Machine Learning Engineer, LLM Fine-tuning and Performance
Job Description
As a Machine Learning Engineer (LLM Fine-tuning & Performance Specialist), you'll play an integral role in improving the accuracy and performance of fine-tuned Large Language Models (LLMs) for real-world applications. This ground-breaking opportunity allows you to work with brand new ML technologies, collaborating closely with partners to drive innovation and ensure smooth integration and deployment of ML solutions.

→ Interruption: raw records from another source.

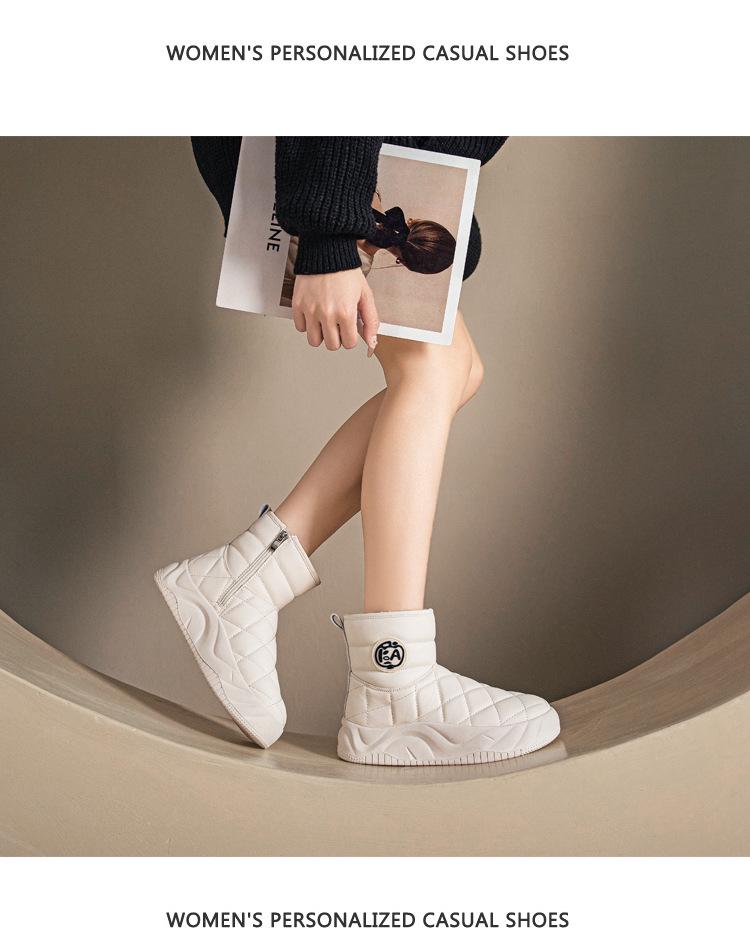 Damskor 2024 Vinter Sammet Tjocka Varma Snökängor - Kort Skaft, Stor Bomullsfyllning, Smal Passform.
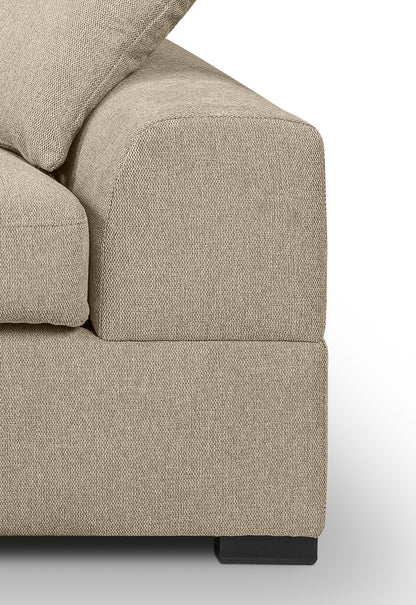 Canapé d'angle Veda – Élégant canapé rembourré en forme de L avec tissu structuré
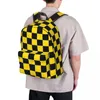 Sac à dos noir et jaune à motif damier, sac à dos pour garçons et filles, cartable pour étudiants, sac d'école pour enfants, sac à dos de voyage à bandoulière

Your expertise will be essential in automating ML workflows and optimizing performance, making a lasting impact in the field of AI.
What you'll be doing:
Develop, implement, and be responsible for processes for optimizing LLMs using domain-specific data, improving the model's capability to complete structured tasks.

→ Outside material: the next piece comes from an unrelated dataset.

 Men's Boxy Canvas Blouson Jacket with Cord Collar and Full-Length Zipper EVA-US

Develop and implement techniques to measure LLM performance, defining and monitoring metrics such as recall, F1, perplexity, BLEU, ROUGE, etc.
Develop with tools like ONNX, TensorRT for optimizing model inference on specialized hardware.
Collaborate with ISVs and IHVs to understand their outstanding performance requirements and ensure successful model integration.
Use C++ to improve ML model performance, specifically in performance-critical systems, and provide technical mentorship to junior engineers.
What we need to see:
8+ years of validated experience in system software or related field.
M.S. or higher degree in Computer Science/Data Science/Engineering and related field or equivalent experience.
Deep understanding of transformer architectures and large language models like GPT, BERT, T5, or similar.
Validated hands-on experience with fine-tuning LLMs for specific tasks and improving model performance using libraries like PyTorch.
Strong ability to assess and optimize model performance using relevant metrics and evaluation techniques.
Proficiency in crafting and automating ML workflows using tools such as Kubeflow, MLflow, or Airflow.
Excellent problem-solving skills, especially in debugging and improving LLM accuracy for real-world applications.
Proficiency in Python and knowledge of C++ for optimizing performance and developing system-level integrations.
Strong interpersonal skills for effective collaboration with internal teams and external partners.
Ways to stand out from the crowd:
Experience with LLM-based function and tool calling systems.
Understanding of distributed training for LLM fine-tuning and cloud platforms like Nvidia's NVCF.
Familiarity with hardware acceleration for ML workloads, including GPU and specialized hardware optimizations.
You will also be eligible for equity and benefits. NVIDIA accepts applications on an ongoing basis.